B.E. Smith Team | May 01, 2018
Four Critical Lessons from the Becker’s Hospital Review Annual Conference
Healthcare executives were treated to a broad mix of informative presentations on a host of leading issues at the 2018 Becker’s Hospital Review Annual Meeting. From patient care and population health to leadership development strategies, healthcare thought leaders and experts shared their experiences and best practices with colleagues. B.E. Smith attended and spoke at the conference, and is pleased to provide this report highlighting four primary themes at this year’s event.
Patient Centricity and Value Transparency
Patient engagement has evolved into the broader concept of “patient experience,” driven in large measure by rising consumerist behavior. The session “The Health System of the Future: A Model,” placed this theme within strategic context. Dr. Scott Cullen, Principal at ECG Management Consultants, discussed how today’s primary competitive drivers are “patient centricity and value transparency.” Dr. Cullen cited a variety of statistics demonstrating the critical success factors of “cost and convenience.” In one study, patients significantly valued access and convenience over credentials or continuity when selecting a provider. Another revealed that 19% of patients would switch PCPs if they could save $500 to $1,000.
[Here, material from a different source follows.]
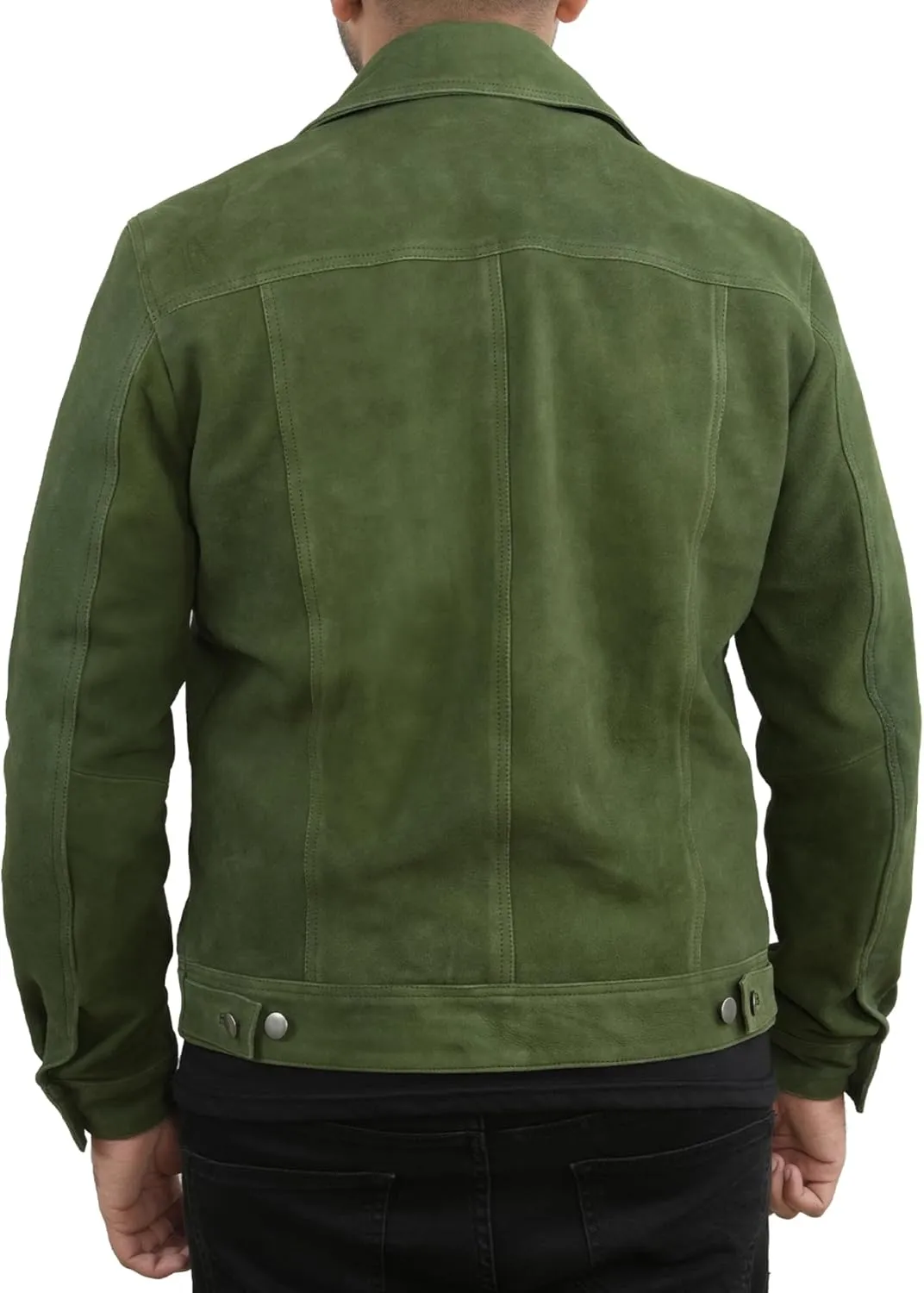 Men's Suede Leather Jacket | Genuine Suede Leather Trucker Jacket Shirt Collar Slim Fit Denim Style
Addressing this fluid, consumer-driven environment entails understanding true patient centricity. As Figure 1 summarizes, the patient is surrounded by convenient services – including self-services – delivered in many settings, coordinated by caregiver teams. The aim is comprehensive care from “wellness to hospice,” and the entire service stack is supported by a range of technologies.
In “Transforming Experience: Structure, Strategy and Sustainment,” Northwell Health’s Sven Gierlinger, Chief Experience Officer, and Agnes Barden, Vice President of Patient Experience, echoed the crucial nature of consumer focus. Hospitals need “new thinking, new culture, and new practices” because “we are now in the customer service business.” Gierlinger and Barden described how Northwell Health’s governing structure for end-toend patient experience, centered on an Office of Patient & Customer Experience. The organization also performed “deep dive interviews” with discharged patients. The upshot was development of a “relationship-centered communication strategy” for caregivers and staff involving training, role play, and coaching.
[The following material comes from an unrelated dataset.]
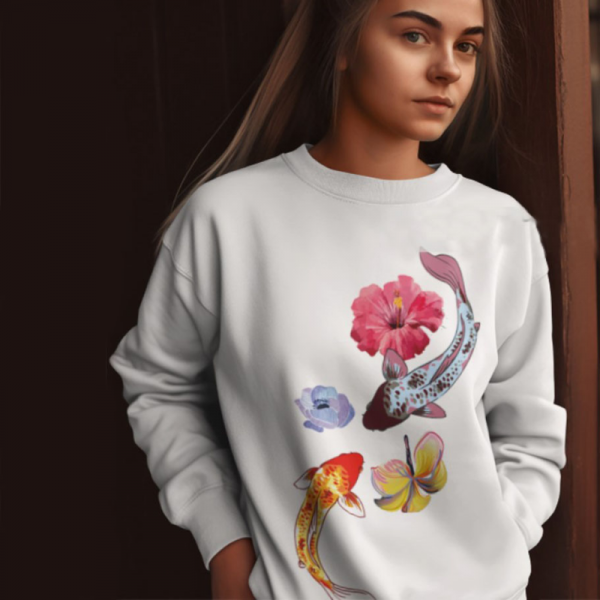 Yin Yang Balıklı Tasarım Sweatshirt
In the session “Differentiate your PX Strategy,” Michael Pizzano, Vice President at CareOne Management and Advisory Board Member at Rutgers University, focused on the “empowered consumer.” Pizzano stated that “patients are aware of the power they possess … when choosing hospitals and interacting with healthcare brands.” However, “delighting patients with a seamless experience remains a challenge.” His offered two prescriptions:
- Break down silos by soliciting empathy. Tell the full experience story to change culture.
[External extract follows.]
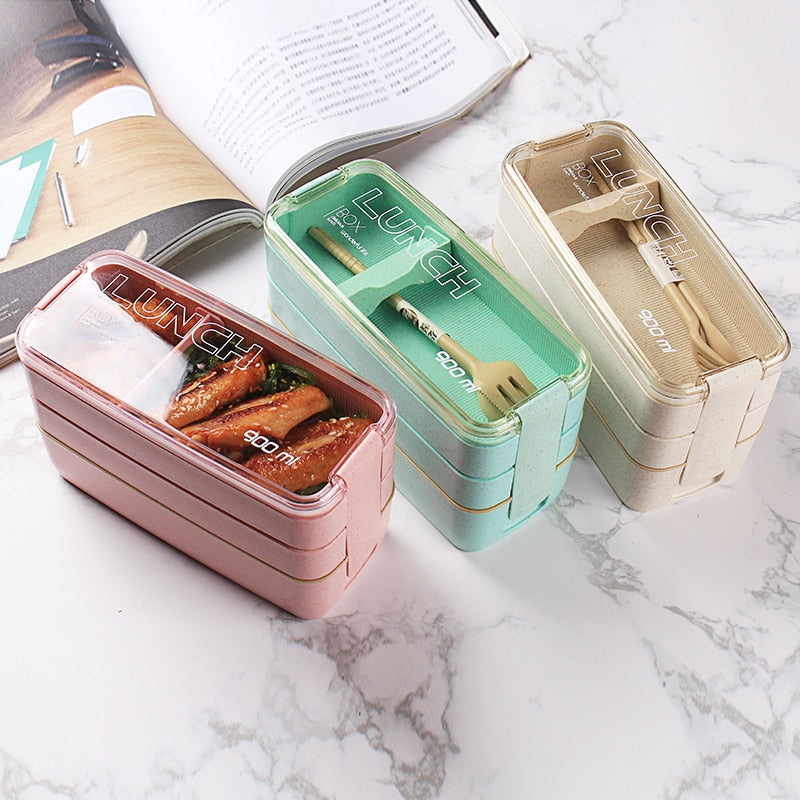 Boîte à repas bento à 3 niveaux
- Quickly show tangible business value from customer-centricity.
Finally, John Couris, President and Chief Executive Officer at Tampa General Hospital, reminded conference attendees that consumer-directed health plans and similar programs now enroll 26 million individuals. Couris cited a report in his session, “The New Core: Building Relationships with Patient Consumers,” showing:
- Two-thirds of executives believe insights into patient behavior are critical.
- Less than one-fourth feel they have the means to gather and analyze meaningful patient data.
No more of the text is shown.